> **WORK REQUIRED**: Taking the entries below, transcribe only the lines starting with the one with "Mieke™ | Bohemian Jumpsuit Met Borduursel" and going on through the one with "Planejador do Partido Stewardese", exactly as written, without the pictures.

> **RAW DATA**:
+---+

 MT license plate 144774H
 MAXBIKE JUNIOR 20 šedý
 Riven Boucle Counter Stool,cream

+---+

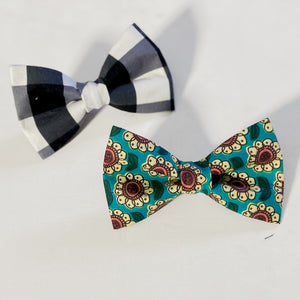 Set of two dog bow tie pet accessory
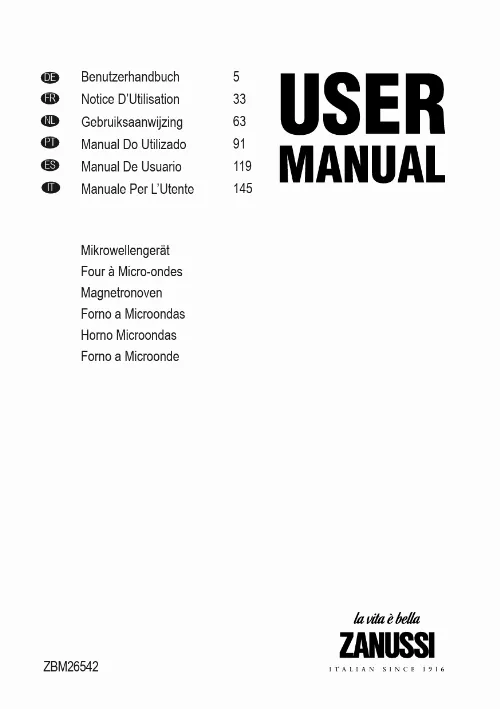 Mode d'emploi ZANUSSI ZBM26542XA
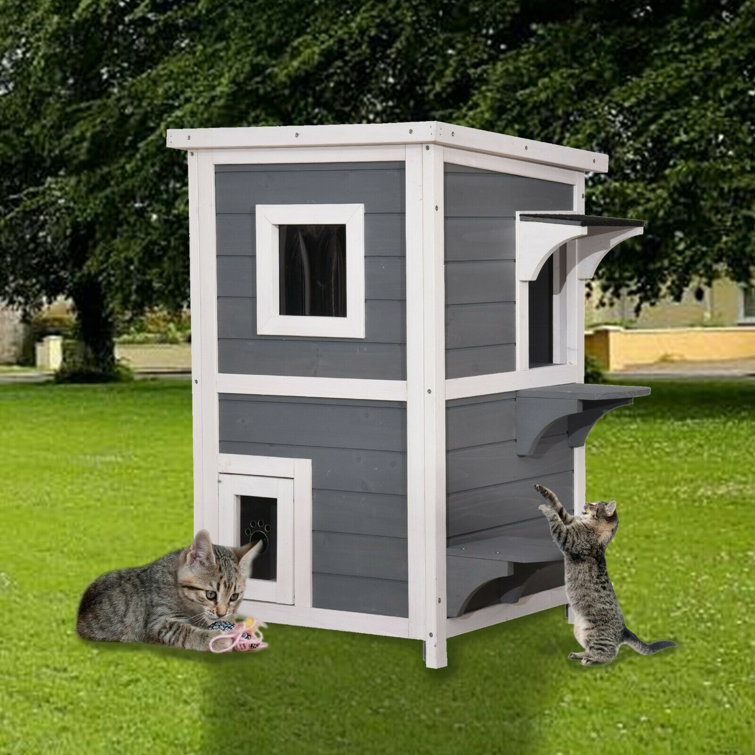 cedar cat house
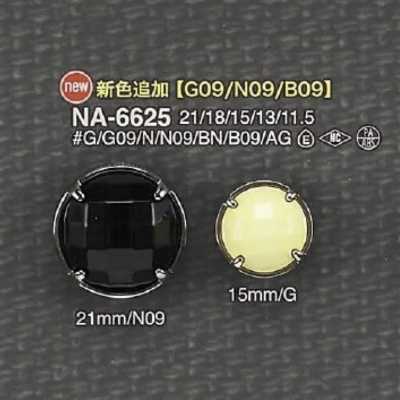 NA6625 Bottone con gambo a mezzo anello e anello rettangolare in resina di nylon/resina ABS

+---+

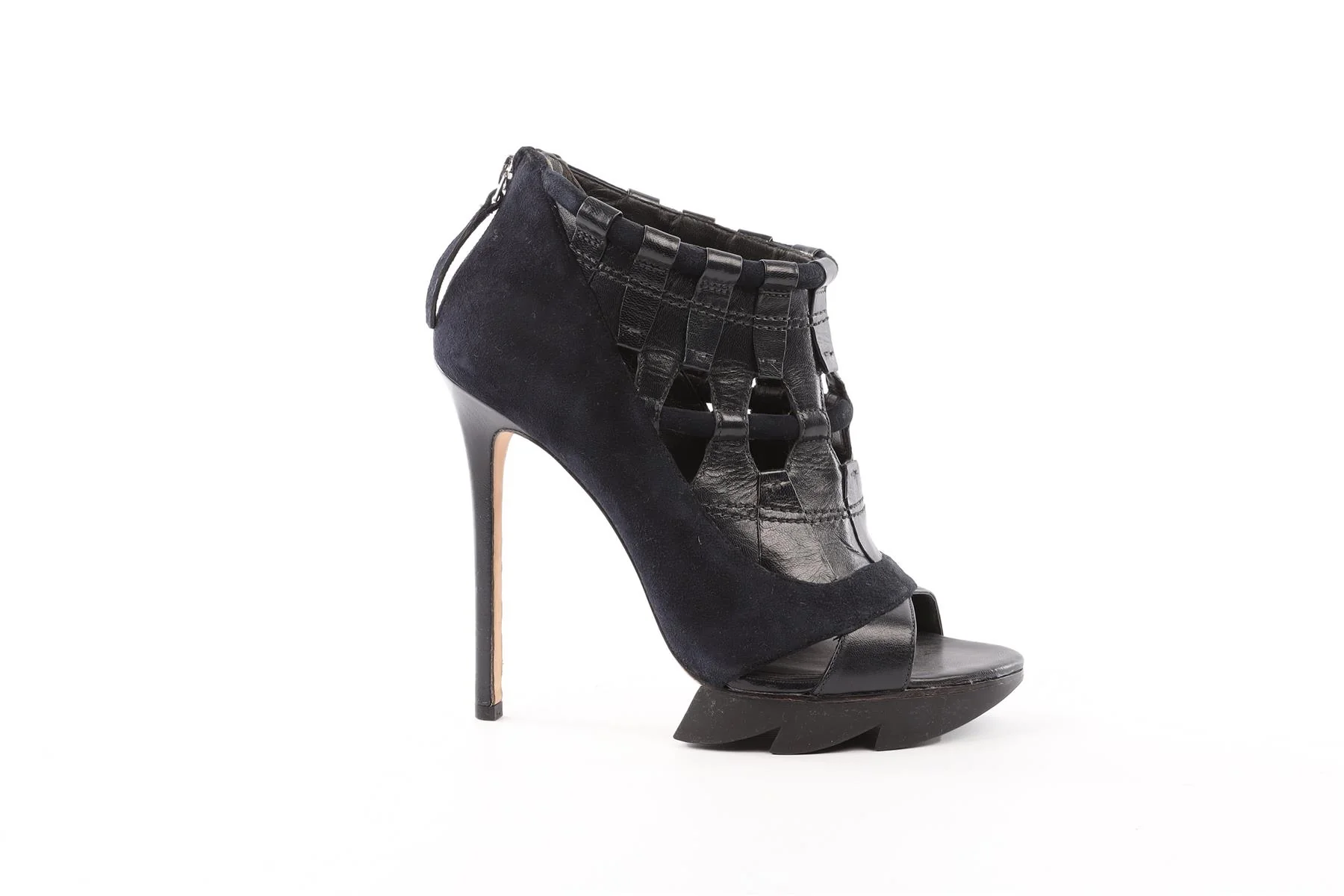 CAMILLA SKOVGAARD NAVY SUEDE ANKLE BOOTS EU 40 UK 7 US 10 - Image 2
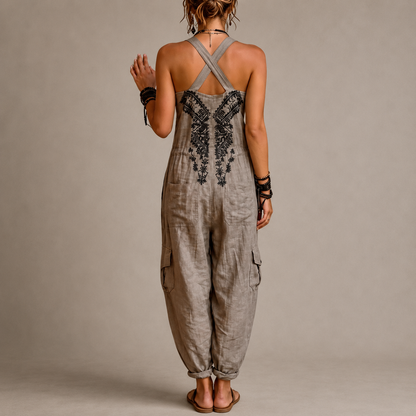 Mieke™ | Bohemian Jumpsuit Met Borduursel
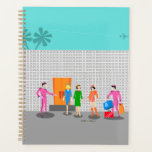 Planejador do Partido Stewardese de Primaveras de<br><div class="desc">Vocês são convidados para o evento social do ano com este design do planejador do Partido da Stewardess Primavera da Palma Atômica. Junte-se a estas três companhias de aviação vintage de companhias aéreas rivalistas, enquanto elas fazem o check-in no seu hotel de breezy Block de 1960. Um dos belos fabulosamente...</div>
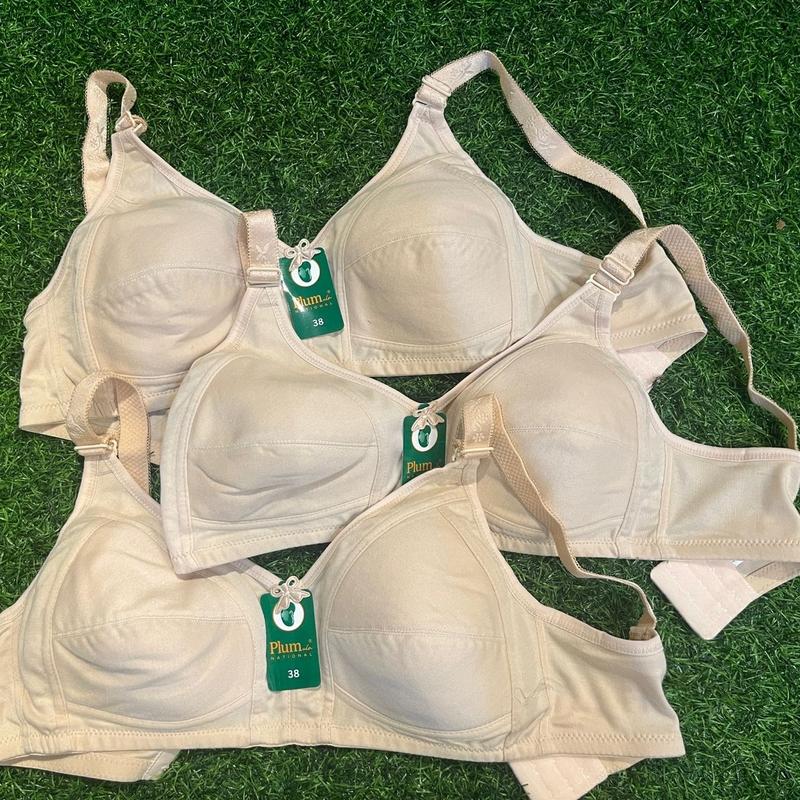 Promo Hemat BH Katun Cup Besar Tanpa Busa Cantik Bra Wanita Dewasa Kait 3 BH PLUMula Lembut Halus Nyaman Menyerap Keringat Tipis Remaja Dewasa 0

+---+

> **TASK RESULT**:
 Mieke™ | Bohemian Jumpsuit Met Borduursel
 Planejador do Partido Stewardese de Primaveras de<br><div class="desc">Vocês são convidados para o evento social do ano com este design do planejador do Partido da Stewardess Primavera da Palma Atômica. Junte-se a estas três companhias de aviação vintage de companhias aéreas rivalistas, enquanto elas fazem o check-in no seu hotel de breezy Block de 1960. Um dos belos fabulosamente...</div>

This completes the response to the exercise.